6.1 DSA Prototype: Lightning Indexer and Fine-Grained Token Selection

DeepSeek Sparse Attention (DSA) is the key architectural innovation introduced in DeepSeek-V3.2. The model uses exactly the same architecture as DeepSeek-V3.2-Exp, and compared to DeepSeek-V3.1-Terminus, the only architectural modification is the introduction of DSA through continued training.

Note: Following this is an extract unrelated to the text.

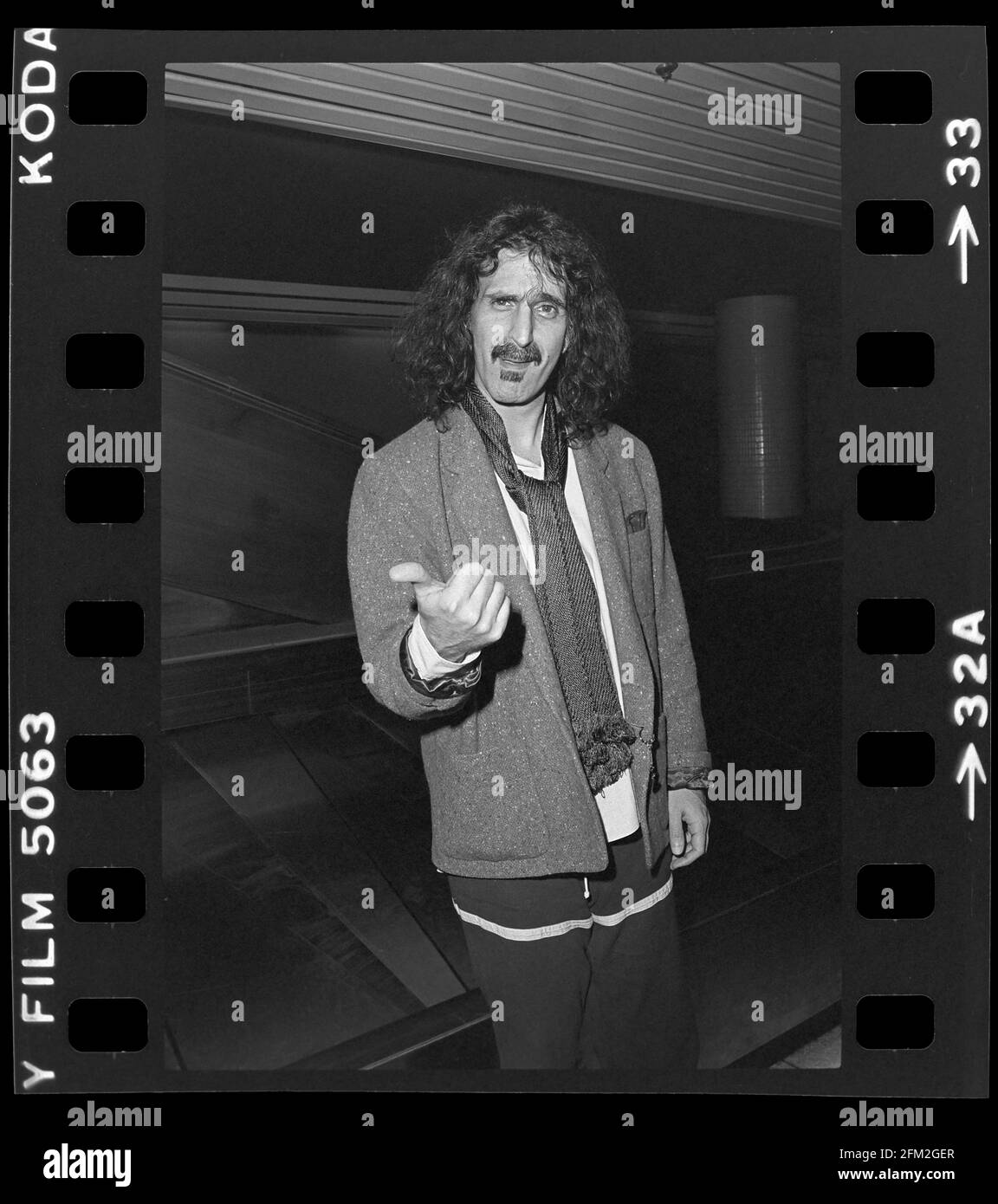 Frank Zappa, en faisant un tour à la restitution des bagages. 18 janvier 1984. Banque D'Images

The core insight is simple but powerful: standard dense attention has O(L²) complexity, which becomes a severe bottleneck at long sequence lengths. DSA reduces this to O(L·k) where k ≪ L is the number of selected tokens.

Lightning Indexer

The indexer computes an index score I_{t,s} between a query token h_t and a preceding token h_s:

I_{t,s} = Σ_{j=1}^{H^I} w_{t,j}^I · ReLU(q_{t,j}^I · k_s^I)

Where:

  • H^I is the number of indexer heads (kept small for efficiency)
  • q_{t,j}^I and w_{t,j}^I are derived from query token h_t
  • k_s^I is derived from the preceding token h_s
  • ReLU is chosen as the activation function for throughput optimization

The lightning indexer has a small number of heads and can be implemented in FP8, making its computational overhead remarkably low.

Fine-Grained Token Selection

Given the index scores {I_{t,s}} for each query token, the selection mechanism retrieves only the key-value entries corresponding to the top-k index scores:

u_t = Attn(h_t, {c_s | I_{t,s} ∈ Top-k(I_{t,:})})

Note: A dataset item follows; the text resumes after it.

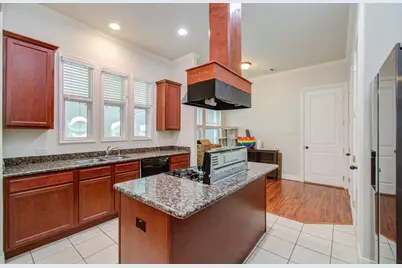 10205 Brooktree Drive, Houston, TX 77043 - Photo 11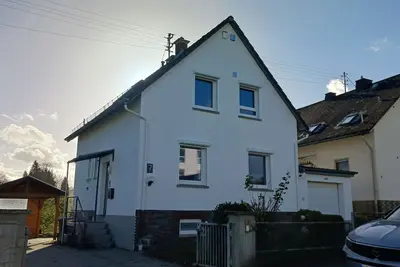 Image de Cozy vacation home with terrace, balcony and garden in the Blaues Ländchen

Where c_s represents the key-value entry (latent vector in MLA) for token s. The attention output u_t is computed by applying the standard attention mechanism between the query token and the sparsely selected entries only.

Instantiation Under MLA

For continued training from DeepSeek-V3.1-Terminus, DSA is instantiated based on MLA. At the kernel level, each key-value entry must be shared across multiple queries for computational efficiency, so DSA is implemented under the MQA (Multi-Query Attention) mode of MLA — where each latent vector (the key-value entry of MLA) is shared across all query heads of the query token.